Illicit discharge A discharge to an MS4 that is not entirely composed of storm water, except authorized discharges identified in the Storm Water Management Programs.
There are many sources of illicit discharges. Illegal dumping activities lead to illicit discharges, which is one of the reasons reducing illegal dumping is a large part of the storm water program. Oil and grease dumped into storm drains, and other activities of that nature are also considered illicit discharges. It is important to remember that whatever is dumped into storm drains, creeks, streams, lakes, and ditches ends up in our lakes completely untreated.
Major outfall An outfall that discharges from a single pipe with an inside diameter of 36 inches or more, or its equivalent (discharge from a single conveyance other than a circular pipe which is draining an area greater than 50 acres.) Major outfalls represent the points where polluted storm water runoff enters an MS4, or one of our waterways.

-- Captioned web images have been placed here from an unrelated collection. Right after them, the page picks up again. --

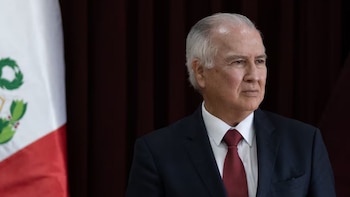 Alfonso López Chau se refiere a reportaje sobre cenas con dirigentas en restaurante y afirma que “solo buscan silenciar a voces incómodas”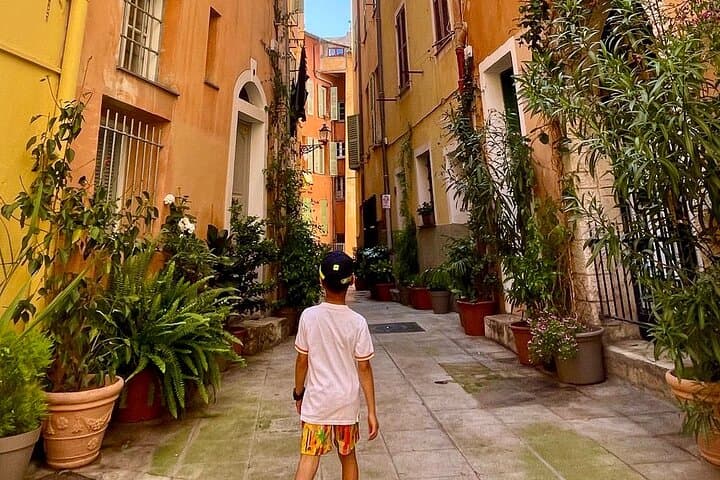 Old Town & Castle Hill Walking Tour in Nice — Small-Group Cultural Walk photo 4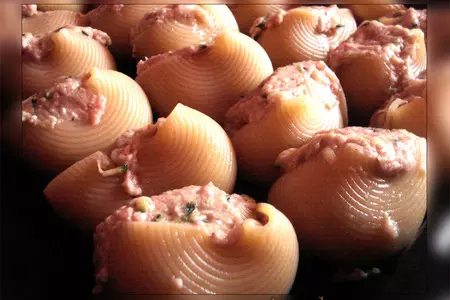 Фаршированные ракушки из пасты "lumaconi" в соусе "прощай, талия, и не возращайся!": шаг 8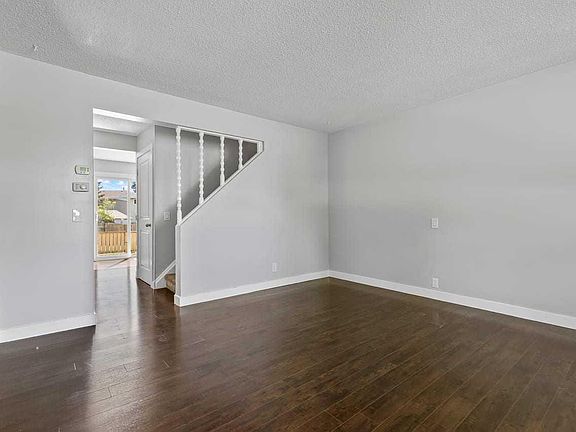 5th image of 767 Whitehill Way NE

It is important to remember that it is not a point source, because it represents a large drainage area, as opposed to a pipe coming directly from a facility or building.

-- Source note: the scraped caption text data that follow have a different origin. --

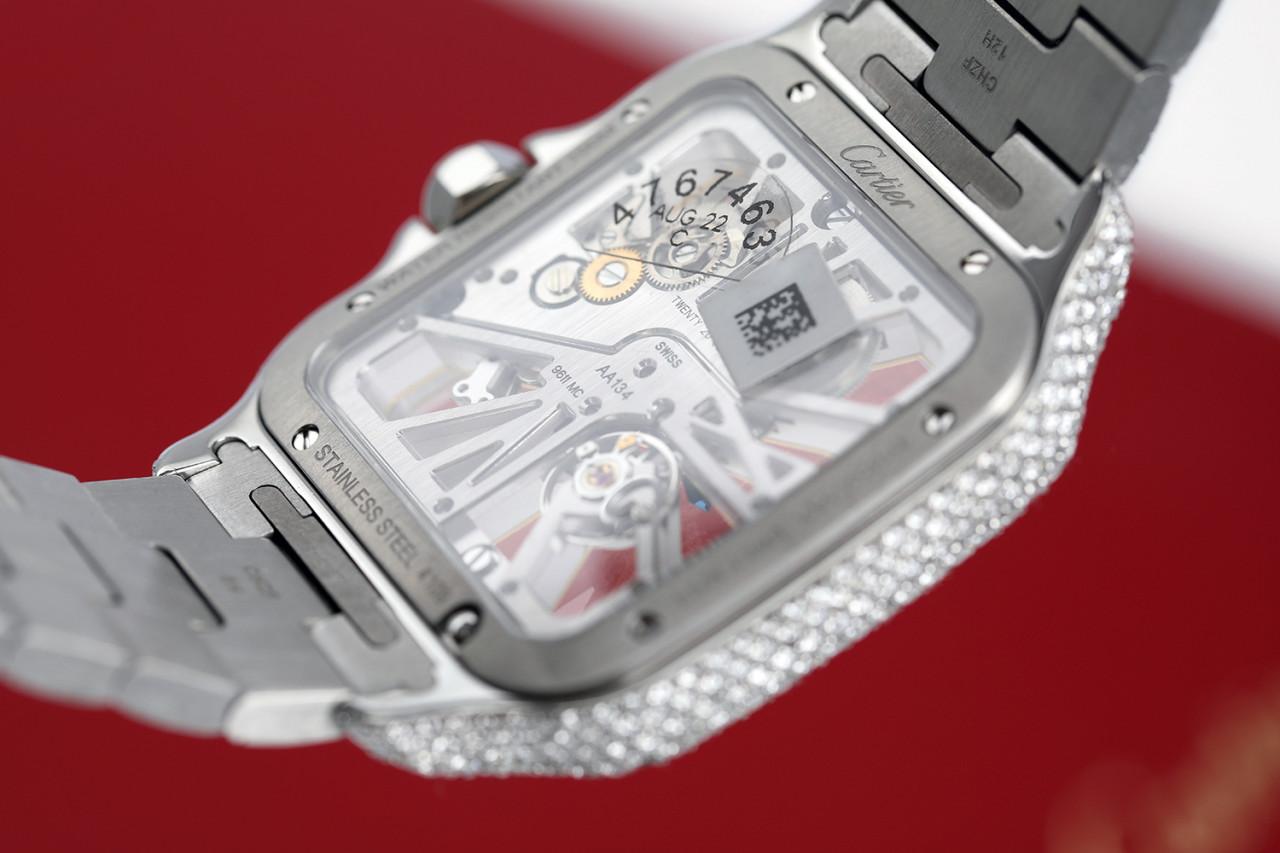 Cartier Santos De Cartier Zweifarbige gelbe Uhr mit Skelett, maßgefertigtes Diamanten, WHSA0019 (Rundschliff) im Angebot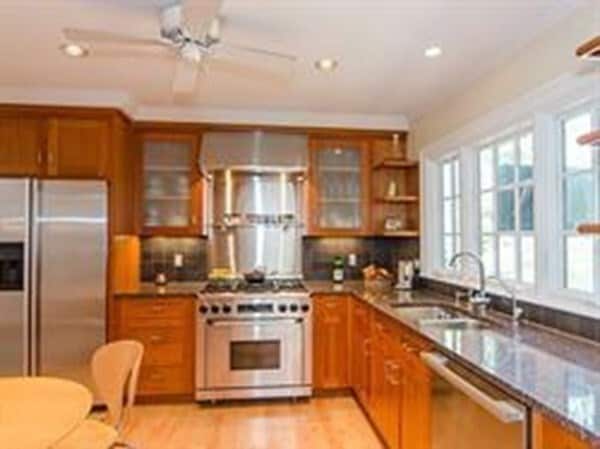 Building Photo - 381 VFW Parkway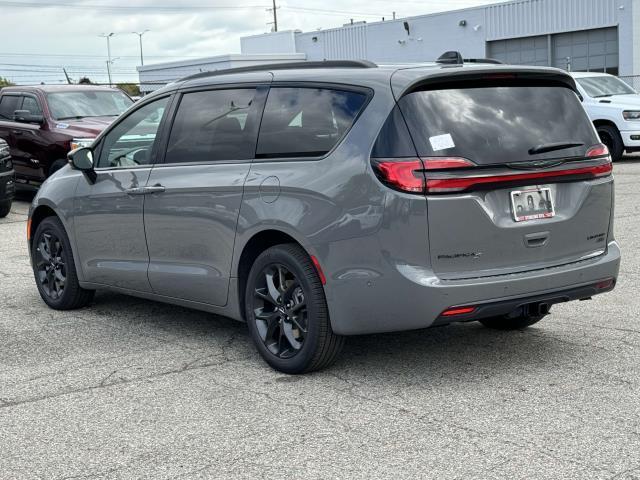 new 2025 Chrysler Pacifica car, priced at $55,706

Maximum extent practicable The technology-based discharge standard for MS4s to reduce pollutants in storm water discharges that was established by CWA Section 402(p). A more detailed discussion of MEP as it pertains to small MS4s can be found at 40 CFR 122.34.
To the maximum extent practicable allows operators of small MS4s to use means available and easily acquired in order to reduce pollution. This alleviates undue stress on small MS4s. Storm water programs can become expensive, or require more personnel. As a governmental entity with budget constraints, this is not always possible. Therefore, the MS4 operator is allowed to implement those procedures they can, without worrying about large increases in personnel or budget.
Municipal separate storm sewer system (MS4) The system of conveyances owned and operated by the County and designed or used for collecting or conveying storm water, and which is not used for collecting or conveying sewage, including:
County maintained streets
Roads with drainage systems
The County is responsible for making sure that water being conveyed through County-owned MS4s is not polluted. One way to ensure this does not happen is to make sure that water flowing into County MS4s is not contaminated. It is important that everyone does their part not to introduce pollution into our waterways.